Prior to joining Paribas, Marson was executive vice president and head of the Global Investors Services Group at State Street, where he was responsible for all asset servicing business outside the United States. He had joined State Street in July 1992 as senior vice president and head of international operations, having left Cedel in Luxembourg after clashing with its then CEO, Andre Lussi. At Cedel he was a member of the Management Board and Executive Vice President in charge of Business Development, Operations and Treasury, as well as chairman of the credit committee.

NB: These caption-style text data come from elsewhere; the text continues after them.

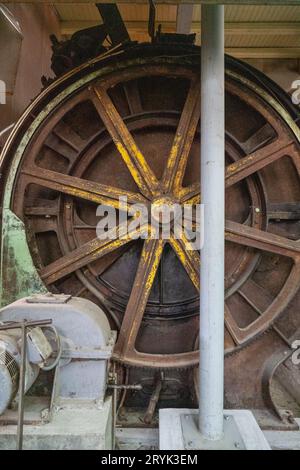 Machines de production de pâte au musée industriel de Kistefoss, Norvège Banque D'Images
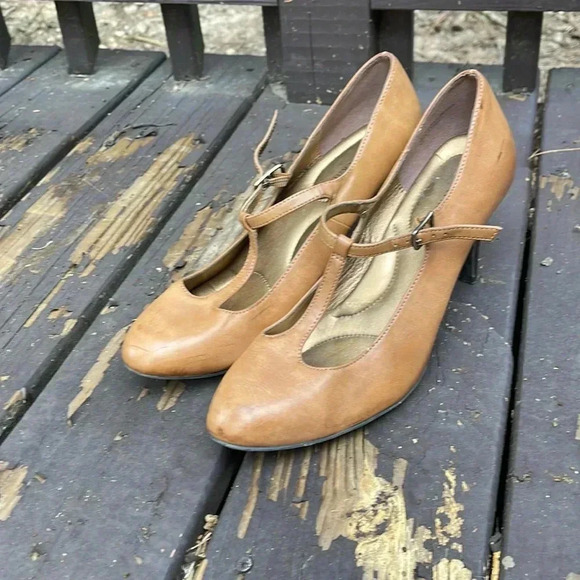 Kelly and Katie tan leather heels size 9.5 - Picture 1 of 7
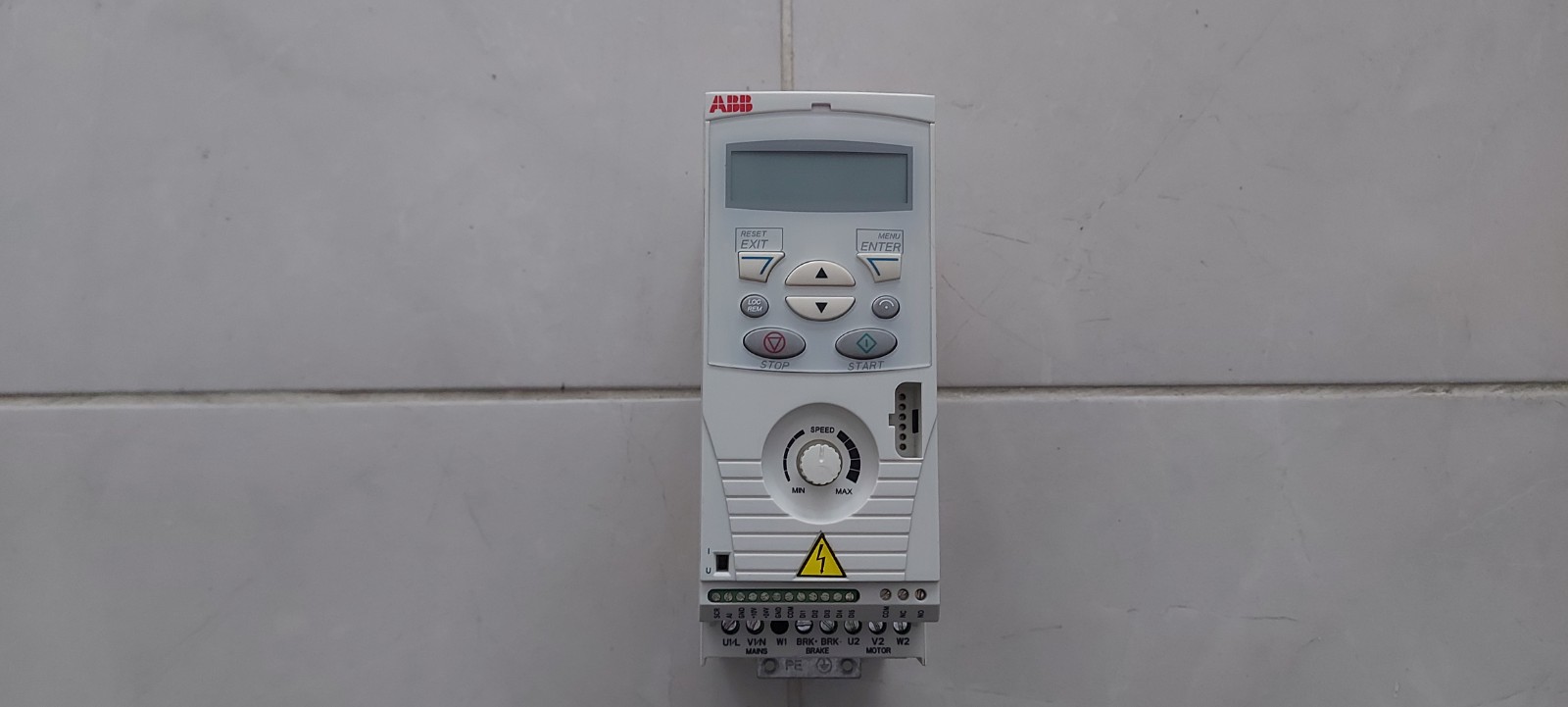 ACS150-01E-02A4-2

Marson joined Cedel from SWIFT. Prior to that, he spent 12 years with JP Morgan (including a spell at Euroclear, where the American bank then held the operating contract). He has served on the boards of SWIFT, Omgeo and the International Securities Services Association (ISSA) as well as Euroclear.
His replacement, the 50-year-old Jacques dEstais, worked at BNP Paribas for the last 25 years, and swapped jobs earlier this year with Alain Papiasse, formerly head of the asset management and services division of the bank in which BNP Paribas Securities Services fell. Papiasse became the head of investment banking in an internal management reshuffle that followed losses in the investment banking division in 2008.
DEstais is a Paribas man, rather than a BNP one. He joined Paribas in 1983 as an account officer in the Commercial Banking department in Paris, subsequently moving on to the Treasury department in 1986. Early in 1988 he was transferred to Paribas London as the Global Head of Interest Rate Options, before being appointed Global Head of Equity Derivatives in 1991. From 1995 dEstais worked in Japan as General Manager of Paribas Capital Markets Japan. In January 1999 he was transferred back to London as Chief Operating Officer for Fixed Income. In June 2000 he was appointed Global Head of Fixed Income for BNP Paribas, covering all bond, derivatives and FX activities world-wide. He became Global Head of Corporate and Investment Banking in December 2005, and served in that position until the job swap with Alain Papiasse in February this year. DEstais graduated from the Ecole des sciences Economiques et Commerciales (ESSEC) in 1981.